Migranci jako wolontariusze pomagają po trzęsieniu ziemi
Dziesięciu migrantów z Afryki pracuje jako ochotnicy Czerwonego Krzyża w środkowych Włoszech, niosąc pomoc po środowym trzęsieniu ziemi. Działają w sztabie operacji ratunkowej koło Pescary; kilku skierowano w rejon hotelu w Abruzji, zrujnowanego przez lawinę.
Do ratowników i przedstawicieli wielu włoskich służb pracujących w Abruzji po serii silnych wstrząsów sejsmicznych dołączyli młodzi migranci z Gwinei, Ghany, Mali i Nigerii.

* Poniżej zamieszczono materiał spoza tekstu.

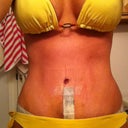 1 week post op! I have curves again, and I can see a little ab definition showing through.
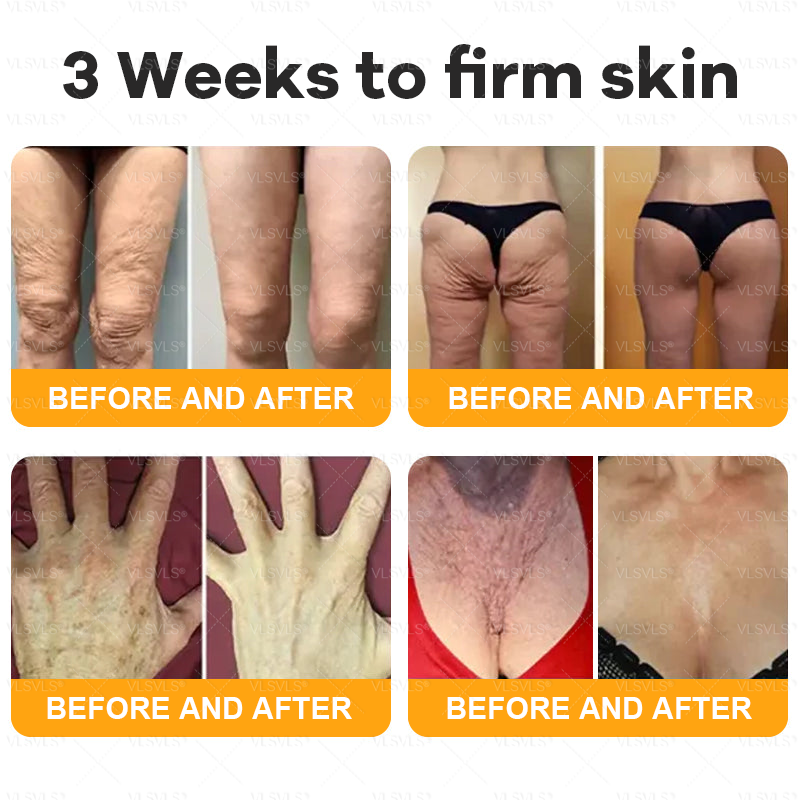 🏥A professional team of dermatologists has experimentally developed PolarFresh® Tallow Bee Venom Skin Restoration Cream – Repairs and protects, preventing recurrence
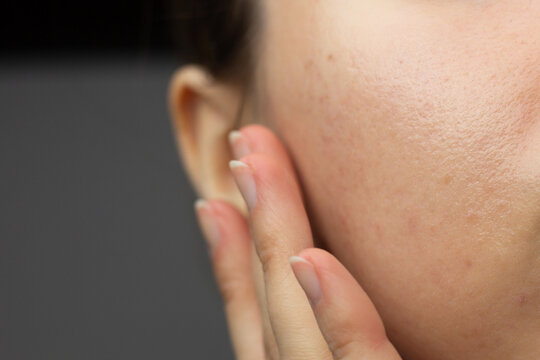 où acheter du isotretinoin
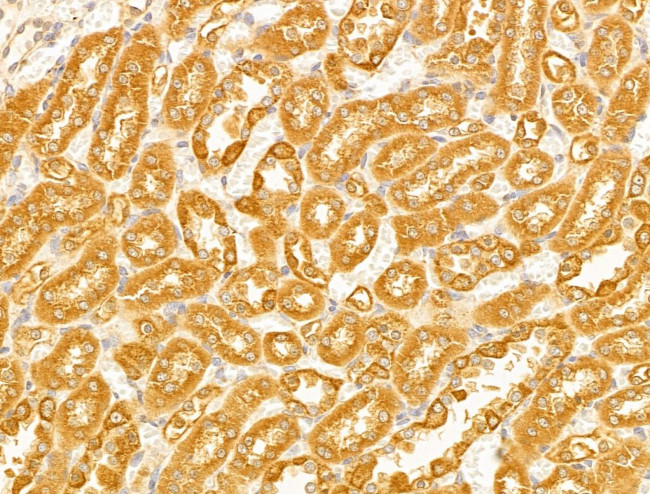 VDAC2 Antibody in Immunohistochemistry (Paraffin) (IHC (P))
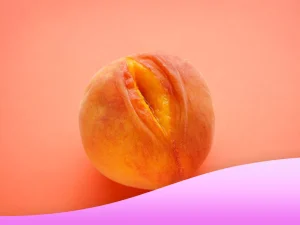 جراحی همزمان لابیاپلاستی و تزریق چربی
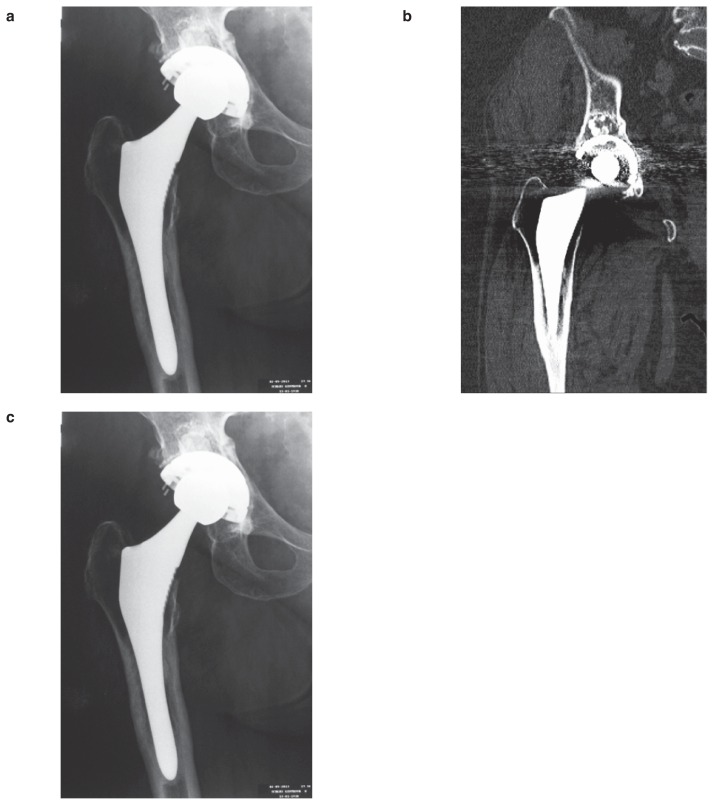 Figure 2 a–c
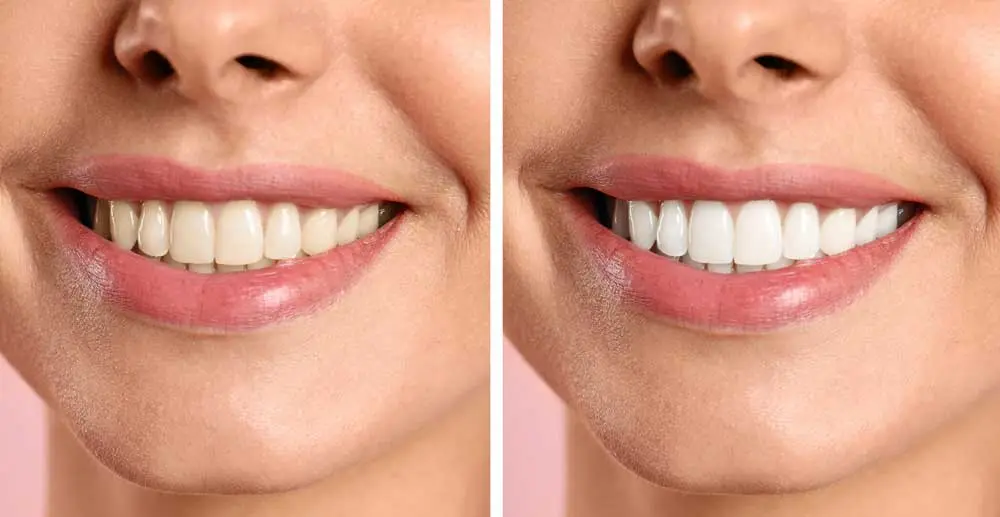 Antes e depois de um branqueamento dentário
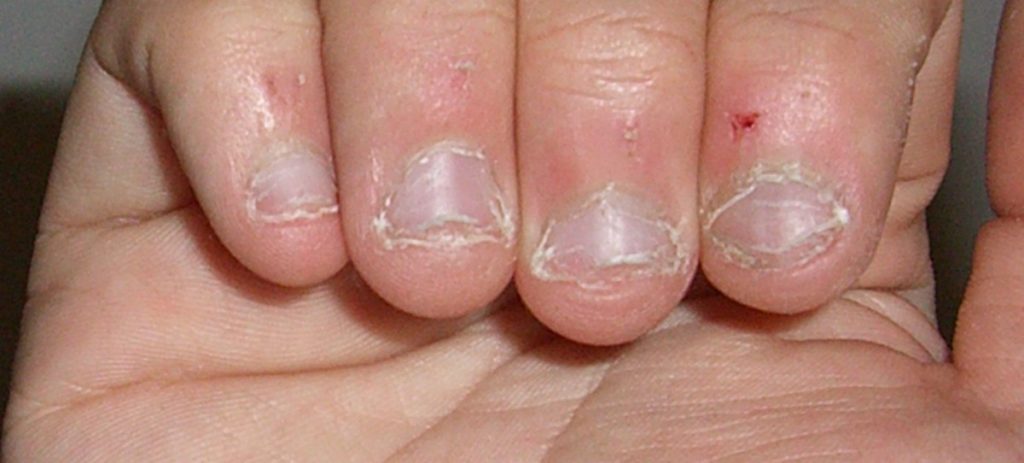 Un hombre de 28 años, a punto de morir por morderse las uñas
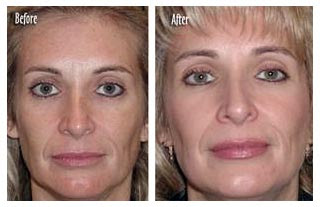 Microdermabrasion Before And After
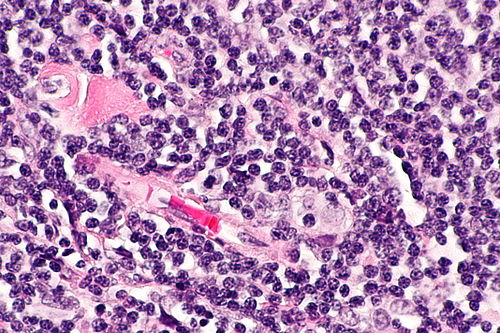Follicular lymphoma -- very high mag.jpg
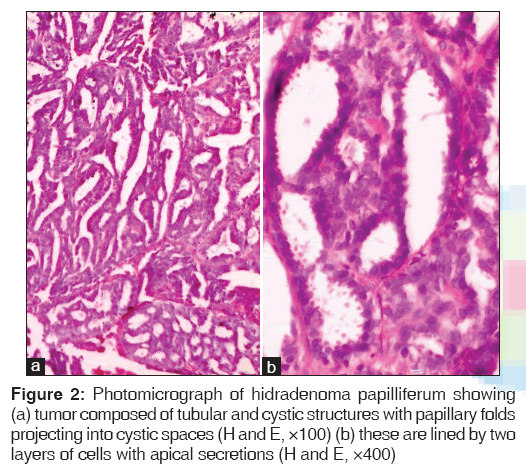 annals-medical-health-sciences-hidradenoma-papilliferum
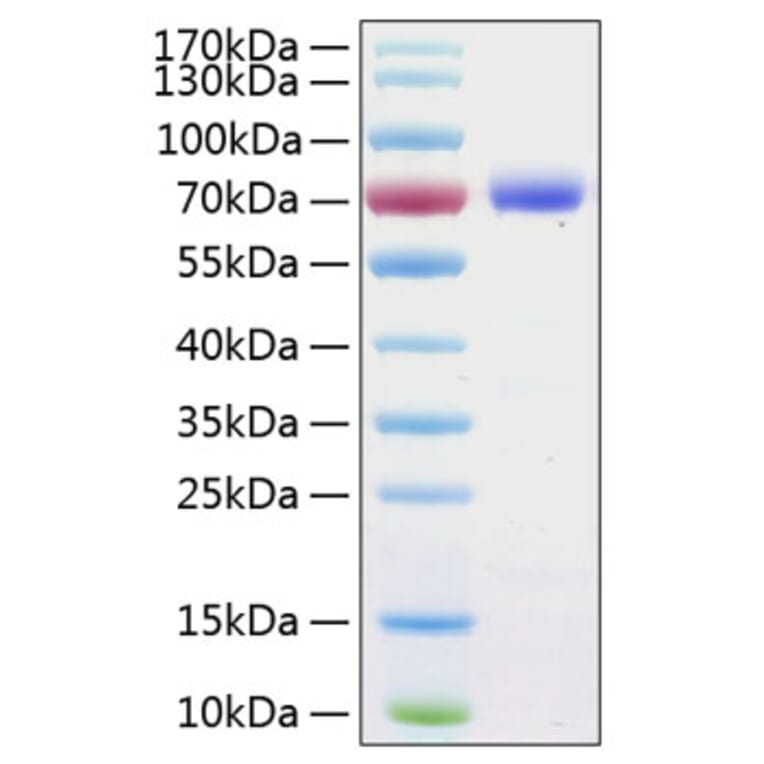 SDS-PAGE - Recombinant Human PD-L1 Protein (C-terminal Human Fc and His Tag) (A331156) - Antibodies.com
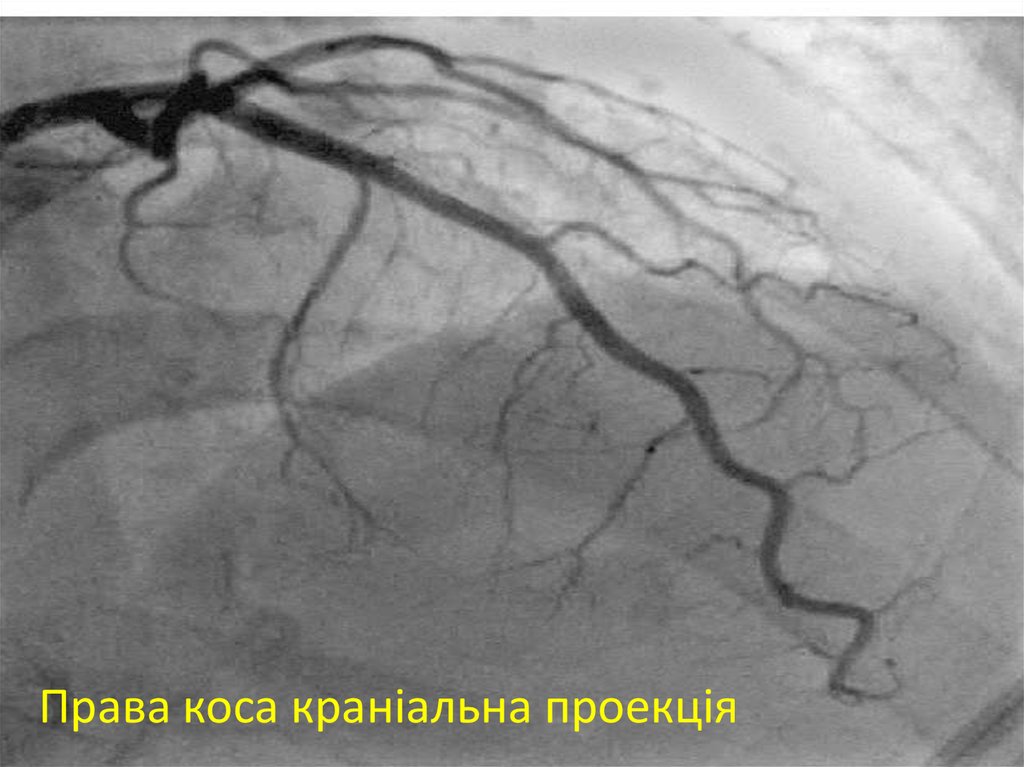 Права коса краніальна проекція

Wcześniej przeszli oni szkolenie w ośrodku włoskiego Czerwonego Krzyża koło Turynu - podały w sobotę media.
Przybysze z Afryki są w bazie akcji ratunkowej w miejscowości Penne koło Pescary. Kilku z nich niesie pomoc logistyczną bezpośrednio na obszarze, gdzie trwa akcja poszukiwania ludzi uwięzionych po zejściu lawiny na hotel Rigopiano.
- Chcemy pomóc tym, którzy ucierpieli w trzęsieniu ziemi - powiedział 24-letni Barry Misbaou z Gwinei. Do Włoch przybył ponad rok temu.
Przedstawiciel Czerwonego Krzyża Ignazio Schintu, cytowany przez agencję prasową ANSA, podkreślił, że zaangażowanie migrantów jako wolontariuszy to "przykład dobrej praktyki".